Dataset content:
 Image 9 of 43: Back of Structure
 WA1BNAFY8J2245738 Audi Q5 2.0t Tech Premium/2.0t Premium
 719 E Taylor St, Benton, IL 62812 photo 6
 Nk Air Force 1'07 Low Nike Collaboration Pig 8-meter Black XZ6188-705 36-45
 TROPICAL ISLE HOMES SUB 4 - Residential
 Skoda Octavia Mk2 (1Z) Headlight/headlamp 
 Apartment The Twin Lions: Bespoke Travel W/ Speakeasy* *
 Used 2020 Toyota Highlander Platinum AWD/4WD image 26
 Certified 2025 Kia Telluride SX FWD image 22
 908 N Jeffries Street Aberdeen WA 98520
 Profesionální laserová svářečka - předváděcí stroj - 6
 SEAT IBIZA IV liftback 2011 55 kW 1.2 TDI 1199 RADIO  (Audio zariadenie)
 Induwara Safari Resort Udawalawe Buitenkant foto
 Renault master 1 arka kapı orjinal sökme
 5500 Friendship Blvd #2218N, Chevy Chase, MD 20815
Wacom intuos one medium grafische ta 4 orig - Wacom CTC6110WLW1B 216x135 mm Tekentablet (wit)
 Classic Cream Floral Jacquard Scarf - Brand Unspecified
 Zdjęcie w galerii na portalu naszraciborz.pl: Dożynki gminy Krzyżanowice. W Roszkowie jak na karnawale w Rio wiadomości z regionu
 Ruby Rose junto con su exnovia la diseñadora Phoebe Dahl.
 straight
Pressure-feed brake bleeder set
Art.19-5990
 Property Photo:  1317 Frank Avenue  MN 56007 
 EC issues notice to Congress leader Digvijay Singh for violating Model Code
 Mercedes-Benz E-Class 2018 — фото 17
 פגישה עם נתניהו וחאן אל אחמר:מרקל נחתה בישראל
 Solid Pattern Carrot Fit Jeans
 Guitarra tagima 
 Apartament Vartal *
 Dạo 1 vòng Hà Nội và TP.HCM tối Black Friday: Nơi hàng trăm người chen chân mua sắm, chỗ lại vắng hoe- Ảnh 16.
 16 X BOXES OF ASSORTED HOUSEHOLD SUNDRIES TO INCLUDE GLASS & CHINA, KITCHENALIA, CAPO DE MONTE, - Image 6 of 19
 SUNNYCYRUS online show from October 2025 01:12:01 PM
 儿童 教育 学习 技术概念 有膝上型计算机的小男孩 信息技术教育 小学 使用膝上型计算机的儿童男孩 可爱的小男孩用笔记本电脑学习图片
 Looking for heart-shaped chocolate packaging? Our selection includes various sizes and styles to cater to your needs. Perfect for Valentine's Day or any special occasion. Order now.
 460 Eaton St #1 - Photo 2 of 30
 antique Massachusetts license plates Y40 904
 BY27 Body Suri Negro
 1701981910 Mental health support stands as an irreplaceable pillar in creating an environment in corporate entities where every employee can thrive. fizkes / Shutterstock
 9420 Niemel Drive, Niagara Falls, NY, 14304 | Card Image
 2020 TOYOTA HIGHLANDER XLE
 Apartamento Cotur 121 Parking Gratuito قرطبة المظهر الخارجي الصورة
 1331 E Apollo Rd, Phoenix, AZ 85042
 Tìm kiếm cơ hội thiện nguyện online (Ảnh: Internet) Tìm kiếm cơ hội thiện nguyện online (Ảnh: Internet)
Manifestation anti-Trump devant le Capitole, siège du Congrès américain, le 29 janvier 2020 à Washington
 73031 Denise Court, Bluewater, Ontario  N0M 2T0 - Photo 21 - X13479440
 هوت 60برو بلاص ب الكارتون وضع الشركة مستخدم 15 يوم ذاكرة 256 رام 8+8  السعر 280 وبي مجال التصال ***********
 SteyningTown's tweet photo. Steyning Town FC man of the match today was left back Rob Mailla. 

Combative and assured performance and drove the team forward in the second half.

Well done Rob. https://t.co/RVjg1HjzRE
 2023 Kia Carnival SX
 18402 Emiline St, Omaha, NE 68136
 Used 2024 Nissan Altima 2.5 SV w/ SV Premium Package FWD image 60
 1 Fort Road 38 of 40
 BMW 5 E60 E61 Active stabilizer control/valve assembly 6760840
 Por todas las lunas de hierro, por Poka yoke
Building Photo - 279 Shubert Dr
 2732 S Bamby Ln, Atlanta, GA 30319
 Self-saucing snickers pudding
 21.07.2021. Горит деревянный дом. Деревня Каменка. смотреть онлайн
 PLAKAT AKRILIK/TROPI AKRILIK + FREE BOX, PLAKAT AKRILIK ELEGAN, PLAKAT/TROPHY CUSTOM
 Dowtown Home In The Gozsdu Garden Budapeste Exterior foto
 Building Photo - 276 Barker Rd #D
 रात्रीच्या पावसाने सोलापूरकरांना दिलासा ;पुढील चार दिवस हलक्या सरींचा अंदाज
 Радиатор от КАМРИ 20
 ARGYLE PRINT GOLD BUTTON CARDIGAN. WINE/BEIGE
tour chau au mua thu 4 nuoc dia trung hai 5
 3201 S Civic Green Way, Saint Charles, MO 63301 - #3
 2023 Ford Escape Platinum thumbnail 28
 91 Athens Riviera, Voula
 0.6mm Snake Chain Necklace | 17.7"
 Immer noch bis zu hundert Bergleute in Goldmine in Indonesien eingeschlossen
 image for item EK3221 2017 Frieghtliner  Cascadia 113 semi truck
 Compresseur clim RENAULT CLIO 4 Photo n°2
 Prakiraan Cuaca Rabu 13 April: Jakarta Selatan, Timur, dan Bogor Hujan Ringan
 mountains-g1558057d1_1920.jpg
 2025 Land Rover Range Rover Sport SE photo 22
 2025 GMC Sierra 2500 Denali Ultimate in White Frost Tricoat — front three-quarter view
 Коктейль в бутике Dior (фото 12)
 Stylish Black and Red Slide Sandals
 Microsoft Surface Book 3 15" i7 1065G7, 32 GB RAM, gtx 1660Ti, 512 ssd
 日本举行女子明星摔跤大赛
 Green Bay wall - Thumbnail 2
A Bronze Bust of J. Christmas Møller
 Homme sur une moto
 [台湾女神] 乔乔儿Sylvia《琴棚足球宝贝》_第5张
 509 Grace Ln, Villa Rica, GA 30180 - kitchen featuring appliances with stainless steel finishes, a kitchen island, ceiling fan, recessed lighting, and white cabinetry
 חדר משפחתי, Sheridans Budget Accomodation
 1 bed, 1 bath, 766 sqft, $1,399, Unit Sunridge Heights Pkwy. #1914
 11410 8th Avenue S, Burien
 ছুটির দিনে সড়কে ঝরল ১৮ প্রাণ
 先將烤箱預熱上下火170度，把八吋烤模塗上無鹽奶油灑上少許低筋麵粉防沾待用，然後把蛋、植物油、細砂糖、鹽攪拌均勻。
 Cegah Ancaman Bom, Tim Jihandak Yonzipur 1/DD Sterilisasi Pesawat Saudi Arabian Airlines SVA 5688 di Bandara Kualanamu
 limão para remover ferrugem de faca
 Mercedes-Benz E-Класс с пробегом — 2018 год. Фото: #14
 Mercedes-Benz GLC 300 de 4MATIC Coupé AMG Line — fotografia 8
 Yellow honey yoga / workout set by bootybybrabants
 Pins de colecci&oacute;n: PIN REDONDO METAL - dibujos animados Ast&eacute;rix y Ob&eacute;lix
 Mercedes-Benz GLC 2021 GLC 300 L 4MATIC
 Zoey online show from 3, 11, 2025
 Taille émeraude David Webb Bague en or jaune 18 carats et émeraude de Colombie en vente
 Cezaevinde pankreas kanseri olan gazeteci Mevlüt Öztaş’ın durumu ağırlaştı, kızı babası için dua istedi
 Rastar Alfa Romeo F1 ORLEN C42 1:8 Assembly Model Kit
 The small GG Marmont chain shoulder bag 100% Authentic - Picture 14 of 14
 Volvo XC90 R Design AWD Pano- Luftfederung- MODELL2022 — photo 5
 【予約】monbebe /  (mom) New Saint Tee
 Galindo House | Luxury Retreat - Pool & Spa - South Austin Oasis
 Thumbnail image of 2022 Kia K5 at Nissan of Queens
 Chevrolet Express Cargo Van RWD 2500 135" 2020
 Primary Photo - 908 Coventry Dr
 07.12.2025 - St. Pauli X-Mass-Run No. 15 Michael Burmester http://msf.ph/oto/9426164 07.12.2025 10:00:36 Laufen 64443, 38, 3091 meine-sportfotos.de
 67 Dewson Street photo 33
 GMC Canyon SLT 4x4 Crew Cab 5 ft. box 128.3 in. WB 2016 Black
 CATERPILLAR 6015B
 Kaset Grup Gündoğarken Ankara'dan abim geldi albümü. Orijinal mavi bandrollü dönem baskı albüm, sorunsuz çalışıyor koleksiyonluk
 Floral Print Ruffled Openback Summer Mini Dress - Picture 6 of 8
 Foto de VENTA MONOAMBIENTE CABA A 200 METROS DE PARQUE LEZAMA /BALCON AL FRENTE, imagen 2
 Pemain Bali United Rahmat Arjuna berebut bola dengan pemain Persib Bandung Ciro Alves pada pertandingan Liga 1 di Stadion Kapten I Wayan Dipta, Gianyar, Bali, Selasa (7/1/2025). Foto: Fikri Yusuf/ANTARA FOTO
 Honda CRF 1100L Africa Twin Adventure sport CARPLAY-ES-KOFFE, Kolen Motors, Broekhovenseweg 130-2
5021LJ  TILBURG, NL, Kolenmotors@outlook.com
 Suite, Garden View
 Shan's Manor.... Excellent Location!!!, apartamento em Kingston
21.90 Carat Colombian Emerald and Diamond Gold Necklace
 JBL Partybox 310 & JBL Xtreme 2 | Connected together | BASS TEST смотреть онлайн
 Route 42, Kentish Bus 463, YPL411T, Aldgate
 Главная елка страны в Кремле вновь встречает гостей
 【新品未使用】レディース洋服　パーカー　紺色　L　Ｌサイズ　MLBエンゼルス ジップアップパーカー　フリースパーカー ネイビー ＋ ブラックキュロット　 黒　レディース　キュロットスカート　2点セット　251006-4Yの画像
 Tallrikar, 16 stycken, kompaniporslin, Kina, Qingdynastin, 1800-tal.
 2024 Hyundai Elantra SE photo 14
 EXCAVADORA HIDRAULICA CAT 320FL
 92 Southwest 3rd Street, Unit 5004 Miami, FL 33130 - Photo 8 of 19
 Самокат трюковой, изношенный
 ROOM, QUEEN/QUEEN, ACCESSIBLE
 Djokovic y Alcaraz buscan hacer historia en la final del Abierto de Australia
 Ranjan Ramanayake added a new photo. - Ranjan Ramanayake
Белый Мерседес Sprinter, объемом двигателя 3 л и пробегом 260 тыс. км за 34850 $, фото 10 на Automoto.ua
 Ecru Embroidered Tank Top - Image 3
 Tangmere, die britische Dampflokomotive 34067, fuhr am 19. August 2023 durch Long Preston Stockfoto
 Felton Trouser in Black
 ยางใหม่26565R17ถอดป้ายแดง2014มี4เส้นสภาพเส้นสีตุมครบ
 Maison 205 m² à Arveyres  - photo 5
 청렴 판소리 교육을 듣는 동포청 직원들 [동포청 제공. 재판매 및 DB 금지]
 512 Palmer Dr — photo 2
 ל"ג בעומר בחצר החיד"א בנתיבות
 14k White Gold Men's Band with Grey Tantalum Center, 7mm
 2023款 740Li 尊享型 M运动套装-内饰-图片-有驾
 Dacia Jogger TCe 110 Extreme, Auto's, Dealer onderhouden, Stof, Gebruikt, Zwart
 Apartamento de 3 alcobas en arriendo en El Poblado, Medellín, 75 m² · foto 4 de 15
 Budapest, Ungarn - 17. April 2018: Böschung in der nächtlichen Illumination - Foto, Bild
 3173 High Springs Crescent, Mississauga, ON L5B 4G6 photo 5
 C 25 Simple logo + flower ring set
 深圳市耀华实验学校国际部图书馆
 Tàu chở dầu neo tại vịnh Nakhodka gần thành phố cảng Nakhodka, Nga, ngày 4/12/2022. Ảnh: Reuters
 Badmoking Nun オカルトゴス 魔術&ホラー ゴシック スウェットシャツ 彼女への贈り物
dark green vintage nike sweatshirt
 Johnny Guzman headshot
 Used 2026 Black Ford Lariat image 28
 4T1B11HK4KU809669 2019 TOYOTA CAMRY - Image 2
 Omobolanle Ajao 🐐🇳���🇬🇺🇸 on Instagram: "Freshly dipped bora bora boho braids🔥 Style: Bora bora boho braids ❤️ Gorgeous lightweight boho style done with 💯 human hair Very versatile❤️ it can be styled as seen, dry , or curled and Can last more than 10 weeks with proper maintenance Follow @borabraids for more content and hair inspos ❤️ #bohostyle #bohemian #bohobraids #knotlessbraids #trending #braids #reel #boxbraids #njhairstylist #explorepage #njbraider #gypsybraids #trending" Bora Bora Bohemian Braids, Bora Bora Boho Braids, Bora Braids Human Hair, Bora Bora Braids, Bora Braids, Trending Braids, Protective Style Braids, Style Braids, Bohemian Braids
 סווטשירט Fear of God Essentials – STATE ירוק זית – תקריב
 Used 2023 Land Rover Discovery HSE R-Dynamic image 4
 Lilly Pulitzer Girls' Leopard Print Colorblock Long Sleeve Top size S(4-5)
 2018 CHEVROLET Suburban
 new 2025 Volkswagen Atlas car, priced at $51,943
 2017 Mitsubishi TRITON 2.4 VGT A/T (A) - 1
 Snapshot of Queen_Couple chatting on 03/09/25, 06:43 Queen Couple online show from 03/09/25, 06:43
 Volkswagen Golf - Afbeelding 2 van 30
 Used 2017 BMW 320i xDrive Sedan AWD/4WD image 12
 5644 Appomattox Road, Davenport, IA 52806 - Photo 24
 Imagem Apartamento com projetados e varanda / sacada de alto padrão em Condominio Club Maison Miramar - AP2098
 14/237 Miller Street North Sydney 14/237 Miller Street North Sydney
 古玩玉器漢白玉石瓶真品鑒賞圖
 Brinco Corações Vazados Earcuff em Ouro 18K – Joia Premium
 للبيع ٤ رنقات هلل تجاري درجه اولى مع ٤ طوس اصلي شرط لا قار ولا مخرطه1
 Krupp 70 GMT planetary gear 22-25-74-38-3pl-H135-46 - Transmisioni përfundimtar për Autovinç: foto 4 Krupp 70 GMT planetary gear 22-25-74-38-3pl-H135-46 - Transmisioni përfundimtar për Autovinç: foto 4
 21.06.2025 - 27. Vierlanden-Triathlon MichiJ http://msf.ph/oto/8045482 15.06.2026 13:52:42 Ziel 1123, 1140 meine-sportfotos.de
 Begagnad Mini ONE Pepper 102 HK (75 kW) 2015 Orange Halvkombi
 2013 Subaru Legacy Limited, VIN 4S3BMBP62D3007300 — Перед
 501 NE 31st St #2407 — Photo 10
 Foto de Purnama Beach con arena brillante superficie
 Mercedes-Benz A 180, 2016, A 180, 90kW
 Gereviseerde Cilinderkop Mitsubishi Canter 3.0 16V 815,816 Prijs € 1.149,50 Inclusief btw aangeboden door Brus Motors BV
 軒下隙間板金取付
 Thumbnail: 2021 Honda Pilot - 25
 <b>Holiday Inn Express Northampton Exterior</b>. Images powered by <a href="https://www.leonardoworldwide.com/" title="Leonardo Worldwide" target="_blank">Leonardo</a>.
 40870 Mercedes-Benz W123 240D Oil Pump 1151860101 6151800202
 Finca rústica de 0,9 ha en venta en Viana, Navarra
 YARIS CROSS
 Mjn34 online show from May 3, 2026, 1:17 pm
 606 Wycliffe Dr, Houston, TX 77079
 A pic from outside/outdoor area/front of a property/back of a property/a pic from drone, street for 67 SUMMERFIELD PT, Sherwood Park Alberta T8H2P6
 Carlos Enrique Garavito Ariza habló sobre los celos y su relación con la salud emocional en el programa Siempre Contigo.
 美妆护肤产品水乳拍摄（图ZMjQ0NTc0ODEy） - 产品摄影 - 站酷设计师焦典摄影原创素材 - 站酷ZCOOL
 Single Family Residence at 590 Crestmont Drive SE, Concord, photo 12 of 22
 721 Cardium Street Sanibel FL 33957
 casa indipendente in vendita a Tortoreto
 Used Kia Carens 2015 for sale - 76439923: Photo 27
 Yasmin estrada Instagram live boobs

Your task: Only one part of the material above is to be transcribed, namely the lines starting with the line that has "Zdjęcie w galerii" and going on through the line that has "Tìm kiếm cơ hội thiện nguyện online (Ảnh: Internet) Tìm", exactly as they stand.

Answer section:
 Zdjęcie w galerii na portalu naszraciborz.pl: Dożynki gminy Krzyżanowice. W Roszkowie jak na karnawale w Rio wiadomości z regionu
 Ruby Rose junto con su exnovia la diseñadora Phoebe Dahl.
 straight
Pressure-feed brake bleeder set
Art.19-5990
 Property Photo:  1317 Frank Avenue  MN 56007 
 EC issues notice to Congress leader Digvijay Singh for violating Model Code
 Mercedes-Benz E-Class 2018 — фото 17
 פגישה עם נתניהו וחאן אל אחמר:מרקל נחתה בישראל
 Solid Pattern Carrot Fit Jeans
 Guitarra tagima 
 Apartament Vartal *
 Dạo 1 vòng Hà Nội và TP.HCM tối Black Friday: Nơi hàng trăm người chen chân mua sắm, chỗ lại vắng hoe- Ảnh 16.
 16 X BOXES OF ASSORTED HOUSEHOLD SUNDRIES TO INCLUDE GLASS & CHINA, KITCHENALIA, CAPO DE MONTE, - Image 6 of 19
 SUNNYCYRUS online show from October 2025 01:12:01 PM
 儿童 教育 学习 技术概念 有膝上型计算机的小男孩 信息技术教育 小学 使用膝上型计算机的儿童男孩 可爱的小男孩用笔记本电脑学习图片
 Looking for heart-shaped chocolate packaging? Our selection includes various sizes and styles to cater to your needs. Perfect for Valentine's Day or any special occasion. Order now.
 460 Eaton St #1 - Photo 2 of 30
 antique Massachusetts license plates Y40 904
 BY27 Body Suri Negro
 1701981910 Mental health support stands as an irreplaceable pillar in creating an environment in corporate entities where every employee can thrive. fizkes / Shutterstock
 9420 Niemel Drive, Niagara Falls, NY, 14304 | Card Image
 2020 TOYOTA HIGHLANDER XLE
 Apartamento Cotur 121 Parking Gratuito قرطبة المظهر الخارجي الصورة
 1331 E Apollo Rd, Phoenix, AZ 85042
 Tìm kiếm cơ hội thiện nguyện online (Ảnh: Internet) Tìm kiếm cơ hội thiện nguyện online (Ảnh: Internet)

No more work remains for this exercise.